### Assigned task
Each entry must be restated exactly as it appears.

### Source data
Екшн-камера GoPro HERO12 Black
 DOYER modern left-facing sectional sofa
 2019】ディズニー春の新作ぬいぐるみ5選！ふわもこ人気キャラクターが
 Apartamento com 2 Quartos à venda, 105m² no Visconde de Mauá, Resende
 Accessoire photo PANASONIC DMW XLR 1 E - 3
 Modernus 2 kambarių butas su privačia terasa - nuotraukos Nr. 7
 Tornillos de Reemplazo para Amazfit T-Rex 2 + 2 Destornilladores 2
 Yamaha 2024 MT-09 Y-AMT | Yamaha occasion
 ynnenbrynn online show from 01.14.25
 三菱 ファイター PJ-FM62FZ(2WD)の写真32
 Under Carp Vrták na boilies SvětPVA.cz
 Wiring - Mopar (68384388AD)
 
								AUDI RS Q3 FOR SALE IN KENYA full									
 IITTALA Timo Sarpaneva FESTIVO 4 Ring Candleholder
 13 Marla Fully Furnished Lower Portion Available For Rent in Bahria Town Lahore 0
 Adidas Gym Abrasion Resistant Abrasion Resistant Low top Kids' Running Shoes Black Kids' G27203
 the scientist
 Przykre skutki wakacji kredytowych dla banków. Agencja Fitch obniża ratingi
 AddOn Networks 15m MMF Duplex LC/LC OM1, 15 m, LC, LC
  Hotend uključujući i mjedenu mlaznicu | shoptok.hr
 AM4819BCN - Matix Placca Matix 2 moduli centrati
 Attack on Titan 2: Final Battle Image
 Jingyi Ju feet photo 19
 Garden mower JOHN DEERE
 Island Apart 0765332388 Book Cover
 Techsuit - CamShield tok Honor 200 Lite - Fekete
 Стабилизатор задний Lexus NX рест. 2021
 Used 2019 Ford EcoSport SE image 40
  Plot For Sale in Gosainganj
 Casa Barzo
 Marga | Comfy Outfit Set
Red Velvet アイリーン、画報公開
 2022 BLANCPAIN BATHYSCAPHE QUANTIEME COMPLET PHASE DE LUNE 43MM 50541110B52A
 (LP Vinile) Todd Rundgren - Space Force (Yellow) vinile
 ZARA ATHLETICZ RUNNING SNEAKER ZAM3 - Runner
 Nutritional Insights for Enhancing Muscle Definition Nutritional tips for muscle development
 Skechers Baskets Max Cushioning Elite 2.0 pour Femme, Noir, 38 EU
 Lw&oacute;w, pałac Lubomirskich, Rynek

### Written solution
Екшн-камера GoPro HERO12 Black
 DOYER modern left-facing sectional sofa
 2019】ディズニー春の新作ぬいぐるみ5選！ふわもこ人気キャラクターが
 Apartamento com 2 Quartos à venda, 105m² no Visconde de Mauá, Resende
 Accessoire photo PANASONIC DMW XLR 1 E - 3
 Modernus 2 kambarių butas su privačia terasa - nuotraukos Nr. 7
 Tornillos de Reemplazo para Amazfit T-Rex 2 + 2 Destornilladores 2
 Yamaha 2024 MT-09 Y-AMT | Yamaha occasion
 ynnenbrynn online show from 01.14.25
 三菱 ファイター PJ-FM62FZ(2WD)の写真32
 Under Carp Vrták na boilies SvětPVA.cz
 Wiring - Mopar (68384388AD)
 
								AUDI RS Q3 FOR SALE IN KENYA full									
 IITTALA Timo Sarpaneva FESTIVO 4 Ring Candleholder
 13 Marla Fully Furnished Lower Portion Available For Rent in Bahria Town Lahore 0
 Adidas Gym Abrasion Resistant Abrasion Resistant Low top Kids' Running Shoes Black Kids' G27203
 the scientist
 Przykre skutki wakacji kredytowych dla banków. Agencja Fitch obniża ratingi
 AddOn Networks 15m MMF Duplex LC/LC OM1, 15 m, LC, LC
  Hotend uključujući i mjedenu mlaznicu | shoptok.hr
 AM4819BCN - Matix Placca Matix 2 moduli centrati
 Attack on Titan 2: Final Battle Image
 Jingyi Ju feet photo 19
 Garden mower JOHN DEERE
 Island Apart 0765332388 Book Cover
 Techsuit - CamShield tok Honor 200 Lite - Fekete
 Стабилизатор задний Lexus NX рест. 2021
 Used 2019 Ford EcoSport SE image 40
  Plot For Sale in Gosainganj
 Casa Barzo
 Marga | Comfy Outfit Set
Red Velvet アイリーン、画報公開
 2022 BLANCPAIN BATHYSCAPHE QUANTIEME COMPLET PHASE DE LUNE 43MM 50541110B52A
 (LP Vinile) Todd Rundgren - Space Force (Yellow) vinile
 ZARA ATHLETICZ RUNNING SNEAKER ZAM3 - Runner
 Nutritional Insights for Enhancing Muscle Definition Nutritional tips for muscle development
 Skechers Baskets Max Cushioning Elite 2.0 pour Femme, Noir, 38 EU
 Lw&oacute;w, pałac Lubomirskich, Rynek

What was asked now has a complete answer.